Au final, il est déplorable que George W. Bush et Barack Obama aient oublié la maxime éclairée de Benjamin Franklin : “ceux qui abandonneraient des libertés essentielles pour acheter un peu de sécurité temporaire ne méritent ni liberté ni sécurité“**.

Cependant, le génie de la démocratie américaine est que leurs dérives soient exposées et débattues en temps réel.

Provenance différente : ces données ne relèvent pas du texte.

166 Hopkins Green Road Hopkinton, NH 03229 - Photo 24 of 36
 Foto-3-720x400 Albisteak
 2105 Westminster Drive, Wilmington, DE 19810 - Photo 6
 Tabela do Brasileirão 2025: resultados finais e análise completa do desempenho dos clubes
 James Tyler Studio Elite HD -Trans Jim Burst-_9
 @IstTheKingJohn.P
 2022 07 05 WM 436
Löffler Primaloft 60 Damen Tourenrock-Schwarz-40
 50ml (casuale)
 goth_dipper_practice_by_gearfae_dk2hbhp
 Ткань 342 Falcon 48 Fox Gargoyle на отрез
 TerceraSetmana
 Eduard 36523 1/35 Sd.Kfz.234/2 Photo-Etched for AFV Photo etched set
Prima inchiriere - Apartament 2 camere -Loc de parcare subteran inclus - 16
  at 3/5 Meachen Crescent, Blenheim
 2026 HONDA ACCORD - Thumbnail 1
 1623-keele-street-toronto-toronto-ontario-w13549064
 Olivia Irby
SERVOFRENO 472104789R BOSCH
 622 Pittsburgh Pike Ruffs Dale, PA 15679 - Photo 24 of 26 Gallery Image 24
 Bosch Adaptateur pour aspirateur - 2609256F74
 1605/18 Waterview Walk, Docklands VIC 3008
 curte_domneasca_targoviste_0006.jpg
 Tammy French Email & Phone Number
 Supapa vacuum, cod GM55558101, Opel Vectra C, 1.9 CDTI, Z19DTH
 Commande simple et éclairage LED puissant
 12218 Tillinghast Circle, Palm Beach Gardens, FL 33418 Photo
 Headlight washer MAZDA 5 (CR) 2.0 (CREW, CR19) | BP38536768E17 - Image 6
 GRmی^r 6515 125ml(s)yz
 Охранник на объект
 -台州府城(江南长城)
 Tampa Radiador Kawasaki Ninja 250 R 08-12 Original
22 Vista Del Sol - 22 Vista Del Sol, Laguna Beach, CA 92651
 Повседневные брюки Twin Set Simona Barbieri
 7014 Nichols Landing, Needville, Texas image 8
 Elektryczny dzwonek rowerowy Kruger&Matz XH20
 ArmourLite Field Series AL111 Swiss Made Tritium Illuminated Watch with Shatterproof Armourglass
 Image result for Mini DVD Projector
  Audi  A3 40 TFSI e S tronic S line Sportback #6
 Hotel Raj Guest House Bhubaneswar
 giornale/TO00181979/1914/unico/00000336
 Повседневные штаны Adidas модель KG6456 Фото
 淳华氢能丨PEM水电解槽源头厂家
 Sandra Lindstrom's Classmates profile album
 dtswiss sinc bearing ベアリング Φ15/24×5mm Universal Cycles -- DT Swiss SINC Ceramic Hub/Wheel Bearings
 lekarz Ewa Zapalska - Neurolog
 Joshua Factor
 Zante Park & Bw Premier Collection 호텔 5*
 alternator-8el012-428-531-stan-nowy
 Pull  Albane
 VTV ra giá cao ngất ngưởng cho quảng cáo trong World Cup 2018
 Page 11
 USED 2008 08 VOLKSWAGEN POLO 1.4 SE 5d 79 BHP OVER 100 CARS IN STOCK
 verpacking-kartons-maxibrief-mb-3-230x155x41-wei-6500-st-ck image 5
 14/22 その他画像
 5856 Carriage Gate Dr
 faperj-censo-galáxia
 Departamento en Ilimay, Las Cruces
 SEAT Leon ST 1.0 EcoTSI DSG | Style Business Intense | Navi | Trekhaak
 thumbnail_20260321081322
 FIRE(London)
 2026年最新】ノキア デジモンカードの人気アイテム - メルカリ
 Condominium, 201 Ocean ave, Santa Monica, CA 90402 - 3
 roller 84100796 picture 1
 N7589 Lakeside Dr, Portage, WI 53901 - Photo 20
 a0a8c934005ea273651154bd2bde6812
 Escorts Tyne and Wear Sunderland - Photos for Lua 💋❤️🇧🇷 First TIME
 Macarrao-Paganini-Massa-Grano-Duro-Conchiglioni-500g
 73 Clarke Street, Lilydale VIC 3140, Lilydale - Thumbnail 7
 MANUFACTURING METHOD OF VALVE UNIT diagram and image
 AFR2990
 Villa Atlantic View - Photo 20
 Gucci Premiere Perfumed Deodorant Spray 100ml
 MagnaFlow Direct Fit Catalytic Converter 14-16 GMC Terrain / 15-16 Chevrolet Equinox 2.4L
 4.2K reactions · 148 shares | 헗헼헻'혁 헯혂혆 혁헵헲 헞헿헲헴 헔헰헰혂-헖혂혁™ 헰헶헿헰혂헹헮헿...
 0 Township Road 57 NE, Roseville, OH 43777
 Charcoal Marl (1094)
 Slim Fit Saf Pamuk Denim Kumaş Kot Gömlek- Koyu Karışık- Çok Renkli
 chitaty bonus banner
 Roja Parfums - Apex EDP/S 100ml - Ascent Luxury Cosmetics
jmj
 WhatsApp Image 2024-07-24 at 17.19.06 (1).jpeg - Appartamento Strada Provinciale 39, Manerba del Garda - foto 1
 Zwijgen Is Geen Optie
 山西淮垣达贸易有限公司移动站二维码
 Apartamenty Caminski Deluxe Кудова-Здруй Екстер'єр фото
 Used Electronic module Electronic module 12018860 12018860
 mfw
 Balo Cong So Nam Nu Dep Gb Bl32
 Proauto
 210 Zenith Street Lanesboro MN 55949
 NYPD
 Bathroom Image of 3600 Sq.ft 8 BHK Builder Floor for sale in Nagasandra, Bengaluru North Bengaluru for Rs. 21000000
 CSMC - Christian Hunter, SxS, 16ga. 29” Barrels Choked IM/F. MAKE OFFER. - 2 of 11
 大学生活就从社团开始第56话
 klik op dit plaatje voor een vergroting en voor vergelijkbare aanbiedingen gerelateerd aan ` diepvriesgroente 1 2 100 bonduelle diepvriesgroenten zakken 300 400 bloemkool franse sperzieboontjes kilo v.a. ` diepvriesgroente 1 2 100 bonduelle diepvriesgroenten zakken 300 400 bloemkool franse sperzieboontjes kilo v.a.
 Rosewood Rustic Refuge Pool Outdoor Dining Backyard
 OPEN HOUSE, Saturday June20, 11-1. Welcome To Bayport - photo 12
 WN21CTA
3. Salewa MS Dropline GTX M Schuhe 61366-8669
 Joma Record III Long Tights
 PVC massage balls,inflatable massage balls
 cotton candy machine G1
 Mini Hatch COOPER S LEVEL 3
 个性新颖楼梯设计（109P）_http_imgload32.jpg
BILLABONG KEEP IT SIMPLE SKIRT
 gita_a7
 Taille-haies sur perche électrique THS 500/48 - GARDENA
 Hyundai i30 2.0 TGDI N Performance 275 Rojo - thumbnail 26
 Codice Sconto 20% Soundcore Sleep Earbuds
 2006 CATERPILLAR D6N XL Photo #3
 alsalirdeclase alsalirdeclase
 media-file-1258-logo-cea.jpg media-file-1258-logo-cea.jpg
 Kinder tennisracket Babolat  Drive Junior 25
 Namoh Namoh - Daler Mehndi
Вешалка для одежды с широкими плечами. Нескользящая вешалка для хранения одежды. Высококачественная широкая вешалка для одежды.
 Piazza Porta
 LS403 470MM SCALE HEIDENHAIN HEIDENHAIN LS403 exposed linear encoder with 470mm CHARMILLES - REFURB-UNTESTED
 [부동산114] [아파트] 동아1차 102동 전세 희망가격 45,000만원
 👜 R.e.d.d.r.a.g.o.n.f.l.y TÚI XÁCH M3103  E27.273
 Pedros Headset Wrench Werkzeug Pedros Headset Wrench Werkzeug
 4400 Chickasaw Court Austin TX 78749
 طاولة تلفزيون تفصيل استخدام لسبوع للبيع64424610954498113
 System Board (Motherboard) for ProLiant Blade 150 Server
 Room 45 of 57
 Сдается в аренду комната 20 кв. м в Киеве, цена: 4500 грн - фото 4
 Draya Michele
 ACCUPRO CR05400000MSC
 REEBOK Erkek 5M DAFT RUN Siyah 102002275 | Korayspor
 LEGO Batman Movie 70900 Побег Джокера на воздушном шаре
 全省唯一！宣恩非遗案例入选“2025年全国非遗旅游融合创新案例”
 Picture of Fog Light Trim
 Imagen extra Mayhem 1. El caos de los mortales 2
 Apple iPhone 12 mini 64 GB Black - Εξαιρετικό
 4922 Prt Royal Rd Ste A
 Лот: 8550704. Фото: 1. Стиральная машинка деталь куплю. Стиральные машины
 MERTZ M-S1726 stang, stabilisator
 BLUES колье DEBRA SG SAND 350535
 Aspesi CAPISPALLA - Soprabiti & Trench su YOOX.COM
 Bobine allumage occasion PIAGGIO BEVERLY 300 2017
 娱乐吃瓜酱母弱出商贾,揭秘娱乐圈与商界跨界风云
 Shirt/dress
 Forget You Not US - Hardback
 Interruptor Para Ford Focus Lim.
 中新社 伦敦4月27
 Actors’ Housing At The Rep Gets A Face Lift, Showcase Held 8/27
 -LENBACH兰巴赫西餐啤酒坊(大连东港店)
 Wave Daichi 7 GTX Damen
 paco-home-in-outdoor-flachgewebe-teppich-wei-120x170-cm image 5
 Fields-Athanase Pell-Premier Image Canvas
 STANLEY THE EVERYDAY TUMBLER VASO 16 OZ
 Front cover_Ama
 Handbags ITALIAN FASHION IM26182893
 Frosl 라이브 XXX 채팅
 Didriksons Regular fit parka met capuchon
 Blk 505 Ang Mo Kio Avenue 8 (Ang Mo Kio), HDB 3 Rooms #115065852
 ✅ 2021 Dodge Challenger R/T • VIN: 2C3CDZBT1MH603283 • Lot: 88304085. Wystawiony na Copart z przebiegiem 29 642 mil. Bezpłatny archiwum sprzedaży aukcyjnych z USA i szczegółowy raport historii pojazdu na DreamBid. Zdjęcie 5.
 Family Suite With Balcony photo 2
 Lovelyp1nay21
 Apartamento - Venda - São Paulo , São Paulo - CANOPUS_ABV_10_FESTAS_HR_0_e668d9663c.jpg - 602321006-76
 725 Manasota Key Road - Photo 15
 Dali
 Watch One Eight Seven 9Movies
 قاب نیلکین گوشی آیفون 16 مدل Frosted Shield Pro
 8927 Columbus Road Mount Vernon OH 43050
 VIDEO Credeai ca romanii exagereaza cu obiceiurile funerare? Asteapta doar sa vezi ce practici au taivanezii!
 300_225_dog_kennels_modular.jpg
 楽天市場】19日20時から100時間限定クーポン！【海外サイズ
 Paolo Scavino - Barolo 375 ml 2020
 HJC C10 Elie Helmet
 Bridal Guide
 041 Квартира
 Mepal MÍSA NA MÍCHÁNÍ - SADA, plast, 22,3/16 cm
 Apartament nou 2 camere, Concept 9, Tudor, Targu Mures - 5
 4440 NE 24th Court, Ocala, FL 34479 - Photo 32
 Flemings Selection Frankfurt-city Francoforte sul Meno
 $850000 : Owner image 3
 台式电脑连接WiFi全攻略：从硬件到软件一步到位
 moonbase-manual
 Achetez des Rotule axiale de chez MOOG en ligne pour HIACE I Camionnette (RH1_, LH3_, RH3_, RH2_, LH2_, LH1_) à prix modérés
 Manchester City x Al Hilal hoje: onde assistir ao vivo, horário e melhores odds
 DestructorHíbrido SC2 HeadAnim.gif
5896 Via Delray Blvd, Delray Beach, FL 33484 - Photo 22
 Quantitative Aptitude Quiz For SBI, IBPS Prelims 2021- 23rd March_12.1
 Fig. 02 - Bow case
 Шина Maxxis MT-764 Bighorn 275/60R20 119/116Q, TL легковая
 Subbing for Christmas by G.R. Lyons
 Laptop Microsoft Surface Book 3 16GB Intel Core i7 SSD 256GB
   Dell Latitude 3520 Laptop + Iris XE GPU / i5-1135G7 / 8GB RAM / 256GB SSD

Les donneurs de leçons français devraient faire l’inventaire de notre histoire, à commencer par la guerre d’Algérie, avant de sermonner leurs alliés.

41

Cela dit, il est fort probable que ce livre trouvera très peu de lecteurs français et ne sera jamais traduit dans la langue de Molière tant l’image de son auteur le disqualifie.

Que celles et ceux qui voudront aller au-delà de cette allergie sachent qu’ils trouveront dans cet ouvrage l’histoire d’un parcours américain hors-norme : un jeune homme de bonne famille engagé volontaire dans l’Armée le jour de ses 18 ans au lendemain de Pearl Harbor alors que tout le portait à poursuivre ses études, plus jeune pilote de l’Amérique qui se sauva de justesse après que son avion eut été abattu par les Japonais lors de sa cinquante-huitième mission de combat, qui, après la guerre, partit travailler et créer une entreprise au fin fond du Texas au lieu d’accepter les ponts d’or que Wall Street lui proposait, puis qui s’engagea en politique où il assuma une série de responsabilités sans équivalent : député, ambassadeur aux Nations Unies, Président du Parti républicain, Représentant des Etats-Unis en Chine (où l’Amérique ne comptait pas à l’époque d’ambassadeur), Directeur de la CIA, Vice-Président et, enfin, Président.

Le mandat de George H.W. Bush à la Maison-Blanche mérite un meilleur souvenir que celui créé par son unicité. La postérité commence d’ailleurs à lui accorder progressivement une trace qui reconnaît son bilan remarquable sur la scène internationale et, en politique intérieure, la création des conditions favorables à la formidable croissance économique produite par son successeur, Bill Clinton.

Un bon sujet – et la vie de Bush Sr. en constitue indiscutablement un – ne suffit pas à faire un excellent livre. “41: A Portait Of My Father” se distingue également par ses qualités narratives, l’émotion qui y transparaît*** et l’humour, souvent teinté d’autodérision, qui caractérise les Bush.

NOTE : A.

* Que je ne cherche pas à excuser en faisant de son Vice-Président, Dick Cheney, le diabolique marionnettiste de la Présidence, ce qui nierait l’intelligence que j’attribue à “W”.

** Texte rédigé pour l’Assemblée de Pennsylvanie en réponse au Gouverneur (11 novembre 1755).

*** George W. Bush annonce dès l’introduction qu’il ne prétend pas à l’objectivité.